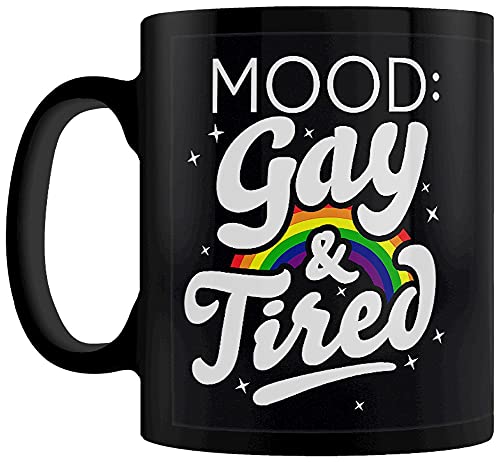 Grindstore Tasse mit Aufschrift "Mood: Gay & Tired Black" von Grindstore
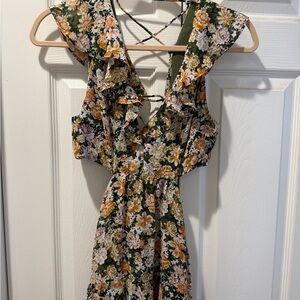 Astr Floral Ruffle Mini Dress - Green and Yellow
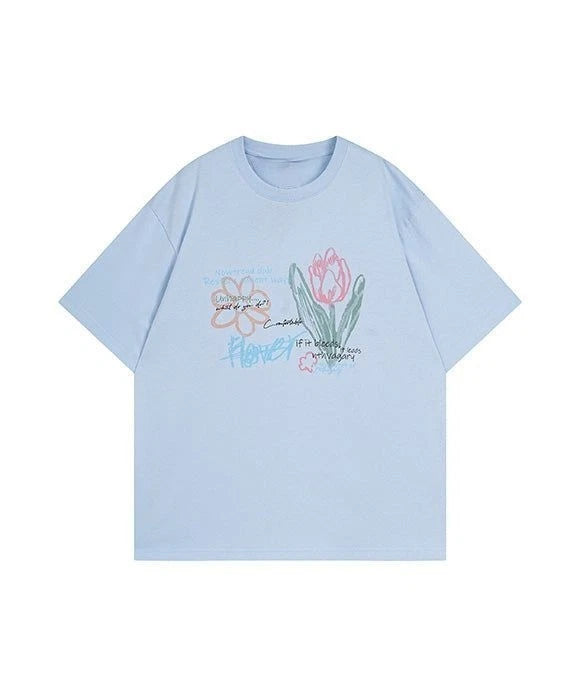 Cute Flower Pastel Aesthetic Minimal Graphic T shirt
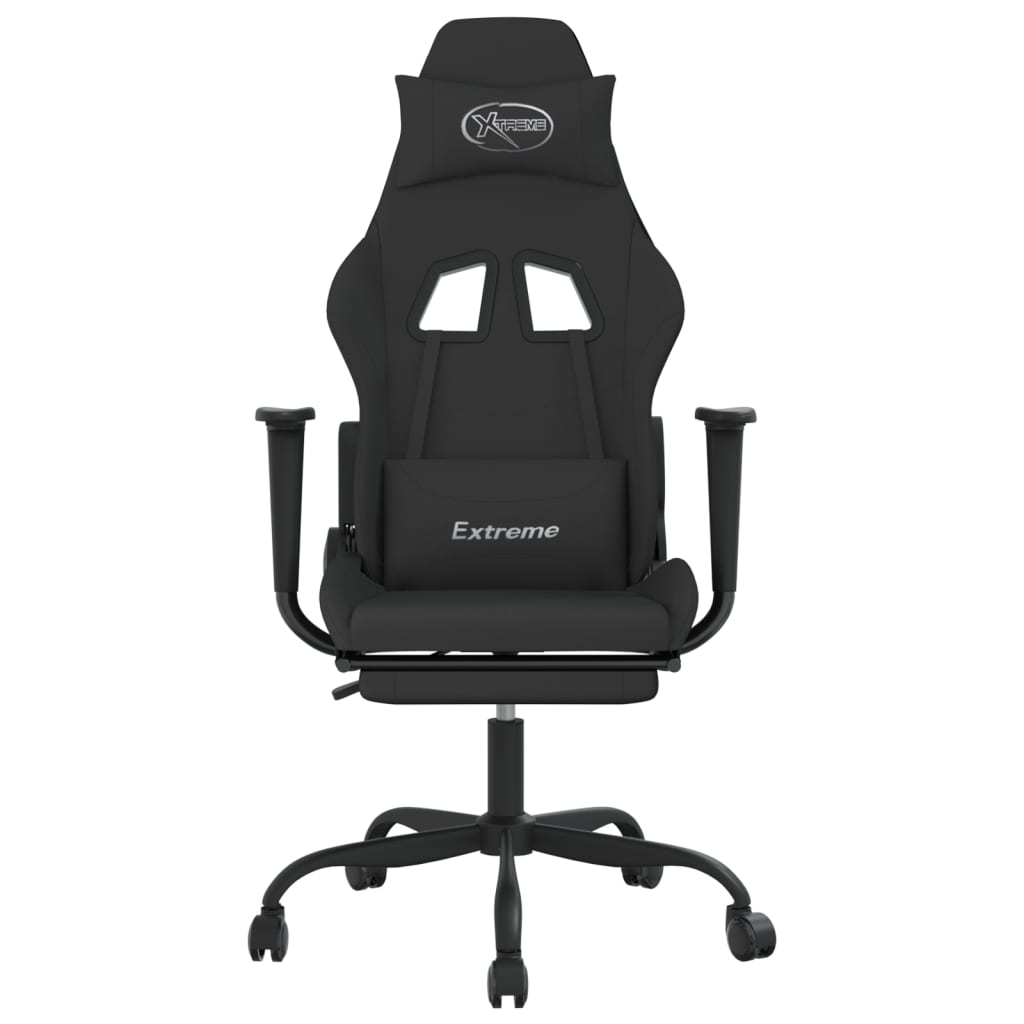 Gaming-Stuhl mit Massage & Fußstütze Schwarz Stoff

• **Task objective**
Print the listing exactly, minus its pictures.

• **Response to this exercise**
 Grindstore Tasse mit Aufschrift "Mood: Gay & Tired Black" von Grindstore
 Astr Floral Ruffle Mini Dress - Green and Yellow
 Cute Flower Pastel Aesthetic Minimal Graphic T shirt
 Gaming-Stuhl mit Massage & Fußstütze Schwarz Stoff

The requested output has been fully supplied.